Try out our top ten tips to support positive eating habits
Early childhood is an important time to establish positive and healthy eating habits with your child. Supporting children to adopt healthy eating habits from a young age can contribute to their dietary habits later in life. Researchers have found evidence that eating behaviors and meal habits in early childhood have an impact on children’s food preferences and eating patterns in adulthood.
Offer your child a variety of healthy foods across their meals, such as fruits and vegetables. These are easy to prepare but also provide children with a healthy snack and a healthy choice. As a result, you are helping to shape your child’s food preferences as they are more likely to enjoy those foods they are offered regularly.
2. Social meal times
Children learn eating habits through observation. It is important that children see parents, friends and siblings enjoying eating healthy foods; this means they are more likely to eat these too. Allow your child to have the same foods as you at mealtimes and where possible eat together. Food and eating is a social aspect of life, so enjoy this time with your child and talk with them about anything you like! Why not talk to your child about the different foods they are eating? For example, you could tell them that the milk they are drinking will help keep their teeth and bones strong or that their banana snack means they will have lots of energy! You could also talk about where their food comes from. This is a great way to support their understanding of keeping themselves healthy, their understanding of the world and developing their vocabulary.

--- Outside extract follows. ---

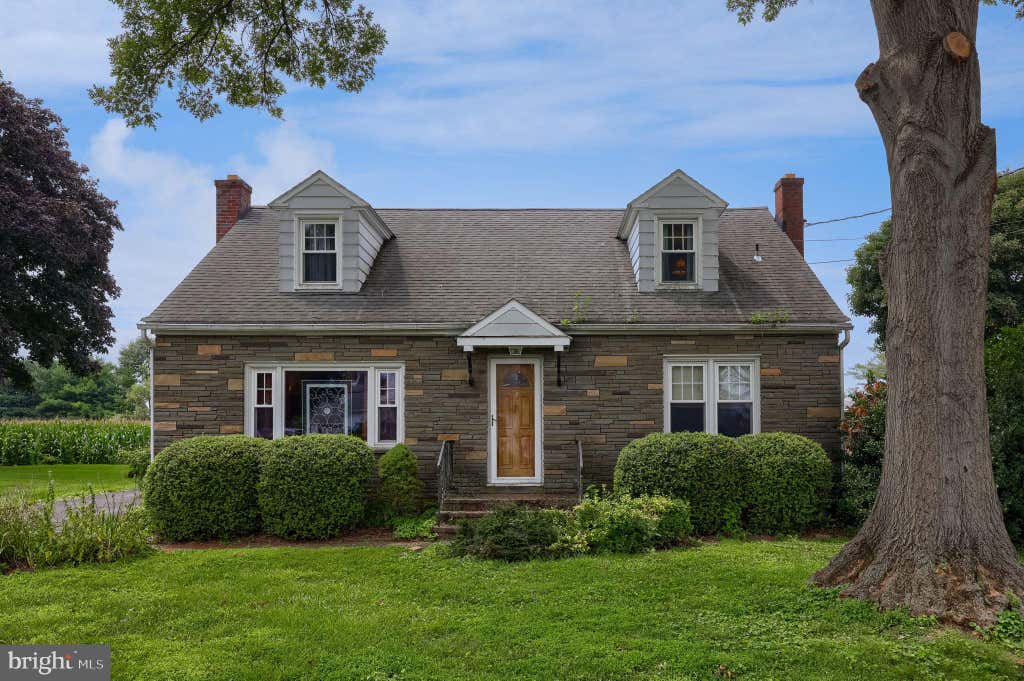Photo of 9 Barbara Avenue, WILLOW STREET, PA 17584 (MLS # PALA2093724)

A food routine is important to ensure children eat at suitable times throughout the day. For example, children are less likely to eat their food if they are tired or over hungry. It is also important children have enough time to eat, so they are not rushing trying to eat their meals.
Provide choice for your child at meal times, for example between drinking milk or water or having cucumber or tomato in their salad. If your child only eats small amounts, then support this by offering smaller portions of food, praising them even if they only eat a little bit. From a young age, children can be encouraged to choose what they put on their plate, encouraging them to make healthy choices and developing their fine motor skills. Why not try having some salad they can serve using tongs or vegetables they can serve using a spoon? Children are much more likely to eat food they have chosen to put on their plate.
5. Be positive
If children are forced or pressured to eat specific foods, this can lead to them building up a negativity towards these foods or they may become fussy with certain foods. Try introducing these foods another time. Children’s tastes change all the time and they need to be offered foods on more than one occasion. Never force them to eat everything on their plate; this can lead to children over eating. Instead, praise them for having a try.
Sugary treats should only be given in moderation. Avoid using sweets or sugary snacks to reward positive behaviour, as children will learn that these foods are being given to them when being rewarded for good behavior.
7. Get them involved
Children love to be involved, so involve them when shopping or helping to prepare the dinner, encouraging your child to see and be involved with preparing healthy foods. This doesn't have to be complicated; next time you have wraps or sandwiches at home, prepare small bowls of filling that your child can choose to make their own!
8. Trying new foods
Children are less likely to be fussy eaters if they are introduced to a wide range of new foods. A good idea is to introduce a small portion of something new as a starter or side dish that they can have as well as their main meal.
9. Stay calm!
When children are not keen on their food or refuse to eat something, it can be really disheartening (especially if you've spent a long time preparing something delicious!) However, try to ignore any challenging behaviour and stay calm. Focus instead on praising any positive behaviour such as sitting nicely or holding their cutlery correctly. Also give encouragement and praise when your child tries something new.
Invite your child to join in with physical activities. This helps maintain a healthy lifestyle, as well as physical activities providing various learning opportunities for the children and their development.